- Theatrical release poster
- Directed by: Ingmar Bergman
- Written by: Ingmar Bergman (uncredited)
- Produced by: Rune Waldekranz
- Starring: Åke Grönberg Harriet Andersson Hasse Ekman
- Cinematography: Hilding Bladh Sven Nykvist
- Edited by: Carl-Olov Skeppstedt
- Distributed by: Sandrew-Baumanfilm AB
- Release date: 14 September 1953;
- Running time: 93 minutes
- Country: Sweden
- Language: Swedish

= Sawdust and Tinsel =

1953 film by Ingmar Bergman

Sawdust and Tinsel (Gycklarnas afton; also released under the English titles Sunset of a Clown and The Naked Night) is a 1953 Swedish drama film written and directed by Ingmar Bergman.

==Plot==

A travelling circus in Scania, Sweden, around the turn of the century. The circus owner and ringmaster, Albert, and his mistress, the equestrienne Anne, are facing financial difficulties and relationship problems. They are moving to a town where Albert's wife is living with his three sons; he has not been there for three years. A story is recounted where the clown, Frost, discovers that a beautiful lady bathing nude is actually his wife Alma. They seek help from a theatre director, who insults their appearance but lends them clothes. Anne encounters a man named Frans, who pursues her despite her rejection. The circus members face humiliation and horse confiscation from the police. Anne pleads with Albert not to leave her, but he remains determined to return to his wife. Anne turns to Frans for support, leading to a sexual encounter. Albert discovers the truth and confronts Anne, resulting in a chaotic scene. The circus prepares for a performance, during which Albert and Frans engage in a physical fight. Albert contemplates suicide but ultimately shoots the circus bear instead. The circus moves on, and Albert and Anne share a meaningful glance.

==Cast==
- Åke Grönberg as Albert Johansson
- Harriet Andersson as Anne
- Hasse Ekman as Frans
- Anders Ek as Frost
- Gudrun Brost as Alma
- Annika Tretow as Agda
- Erik Strandmark as Jens
- Gunnar Björnstrand as Mr. Sjuberg
- Curt Löwgren as Blom

==Reception==
It has a 92% approval rating from 12 reviews listed at Rotten Tomatoes. The film ranked 6th on Cahiers du Cinéma's Top 10 Films of the Year List in 1957. In 2012 it was voted one of the 25 best Swedish films of all time. The film was shown as part of an Ingmar Bergman Retrospective at the 61st Berlin International Film Festival in 2011.

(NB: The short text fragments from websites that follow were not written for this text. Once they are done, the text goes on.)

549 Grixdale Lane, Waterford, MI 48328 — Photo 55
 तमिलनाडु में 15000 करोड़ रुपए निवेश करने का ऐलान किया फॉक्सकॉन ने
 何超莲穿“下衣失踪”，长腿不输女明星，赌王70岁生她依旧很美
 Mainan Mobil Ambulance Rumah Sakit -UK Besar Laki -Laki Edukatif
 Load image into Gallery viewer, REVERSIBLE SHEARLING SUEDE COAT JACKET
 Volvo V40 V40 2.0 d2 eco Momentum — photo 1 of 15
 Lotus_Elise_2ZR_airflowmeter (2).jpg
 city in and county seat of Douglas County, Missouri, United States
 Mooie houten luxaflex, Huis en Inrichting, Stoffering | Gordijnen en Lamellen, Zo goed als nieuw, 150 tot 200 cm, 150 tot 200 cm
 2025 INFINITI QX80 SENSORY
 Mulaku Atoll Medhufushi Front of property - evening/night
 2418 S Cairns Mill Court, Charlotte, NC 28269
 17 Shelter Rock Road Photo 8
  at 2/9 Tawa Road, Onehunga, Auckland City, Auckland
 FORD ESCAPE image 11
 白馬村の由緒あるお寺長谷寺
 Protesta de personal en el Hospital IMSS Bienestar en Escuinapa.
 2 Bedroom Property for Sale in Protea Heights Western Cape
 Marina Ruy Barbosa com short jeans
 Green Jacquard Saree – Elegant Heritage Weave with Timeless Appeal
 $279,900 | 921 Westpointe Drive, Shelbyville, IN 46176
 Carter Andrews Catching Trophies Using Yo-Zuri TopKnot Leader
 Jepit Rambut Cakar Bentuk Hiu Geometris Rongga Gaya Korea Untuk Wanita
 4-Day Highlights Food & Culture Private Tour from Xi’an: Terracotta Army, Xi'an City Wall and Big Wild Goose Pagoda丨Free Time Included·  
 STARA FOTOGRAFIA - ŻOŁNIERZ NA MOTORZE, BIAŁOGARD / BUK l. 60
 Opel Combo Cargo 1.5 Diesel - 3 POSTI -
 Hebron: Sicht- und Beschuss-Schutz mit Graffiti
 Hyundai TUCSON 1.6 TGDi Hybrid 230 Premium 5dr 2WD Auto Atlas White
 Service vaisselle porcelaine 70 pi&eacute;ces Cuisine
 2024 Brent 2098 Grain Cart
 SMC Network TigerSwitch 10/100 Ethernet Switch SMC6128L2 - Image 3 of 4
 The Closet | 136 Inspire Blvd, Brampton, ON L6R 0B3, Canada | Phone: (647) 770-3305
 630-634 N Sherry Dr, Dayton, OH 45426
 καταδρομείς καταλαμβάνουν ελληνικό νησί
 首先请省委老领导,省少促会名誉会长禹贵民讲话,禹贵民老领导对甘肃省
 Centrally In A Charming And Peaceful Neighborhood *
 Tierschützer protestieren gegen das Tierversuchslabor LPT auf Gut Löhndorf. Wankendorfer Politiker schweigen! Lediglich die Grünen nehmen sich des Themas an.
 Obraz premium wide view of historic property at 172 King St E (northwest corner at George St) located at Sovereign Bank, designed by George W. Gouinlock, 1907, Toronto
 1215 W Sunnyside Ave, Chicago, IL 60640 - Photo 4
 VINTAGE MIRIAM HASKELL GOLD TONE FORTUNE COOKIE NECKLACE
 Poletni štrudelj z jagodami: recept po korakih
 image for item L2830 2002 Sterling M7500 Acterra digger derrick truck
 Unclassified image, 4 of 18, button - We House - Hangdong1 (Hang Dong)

On its release in 1953, the film was largely panned by Swedish critics and audiences who found the film "coarse and sweaty." Though the run was fairly successful in Stockholm despite the poor reviews, in the provinces of the country, it was largely ignored. It did receive some notoriety outside Sweden and played in a number of important festivals to good reviews.